The Liberals should be able to hold L-E-V, as I’ve decided to call the Verdun riding. Lametti held almost all of his 2015 vote in 2019, and almost all of 2019’s in 2021. The other parties were so far behind that after 2015 they basically stopped spending in the riding. The Bloc, which keeps running second, is the party with the least growth potential: if you’re not already voting Bloc, you’re not likely to vote Bloc. The Conservatives were in fourth place every time. Even if the Liberal vote collapses, it’s likely to go in three different directions. So it’s no wonder the party actually had multiple candidates seeking the riding nomination, just as it’s no wonder the party continues to punish unauthorized ambition by appointing candidates.
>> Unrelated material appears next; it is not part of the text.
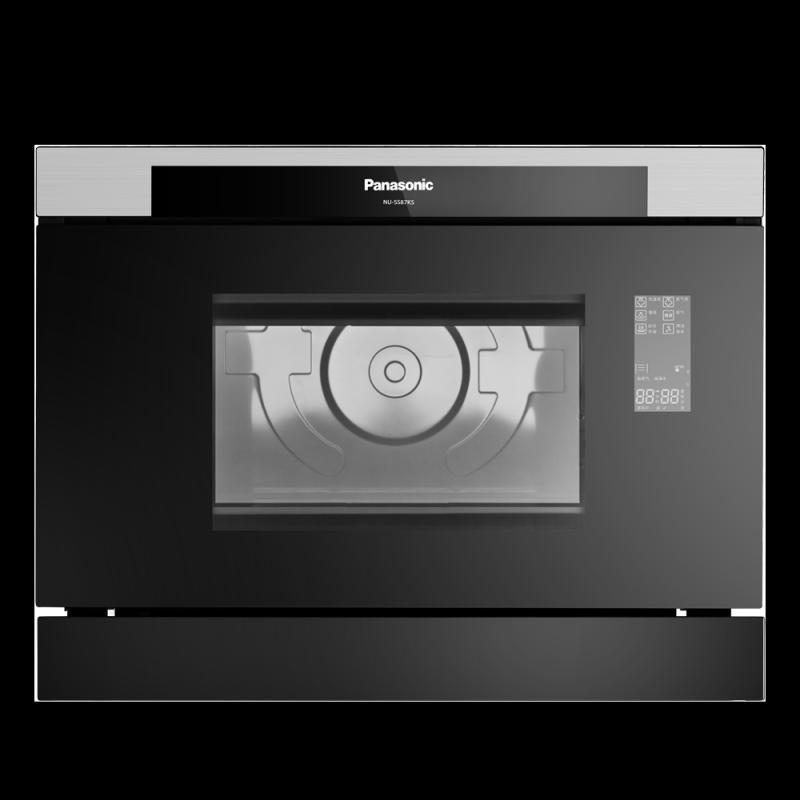 松下嵌入式高温蒸箱家用电蒸箱厨房蒸汽炉NU-SS87KB带WIFI高清大图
As for Elmwood, it’s a lost cause for Liberals. This must come as a relief: it would be silly to blame Trudeau if they lose there again. Part of the riding was Bill Blaikie’s since 1979 until it went, randomly, to a Conservative in 2011 and to Daniel Blaikie after 2015. The other part of the riding is the historic home of social-democrat royalty, from J.S. Woodsworth to Stanley Knowles to Judy Wasylycia-Leis.
So Sept. 16 will pair a contest the Liberals can’t hope to win with another that even these Liberals shouldn’t be able to lose. Since the House reconvenes on that day to mark an end to the summer break, it will be a relief to get off on a good foot, or at least a foot that isn’t a sack of shattered metatarsals.
What will follow the by-elections?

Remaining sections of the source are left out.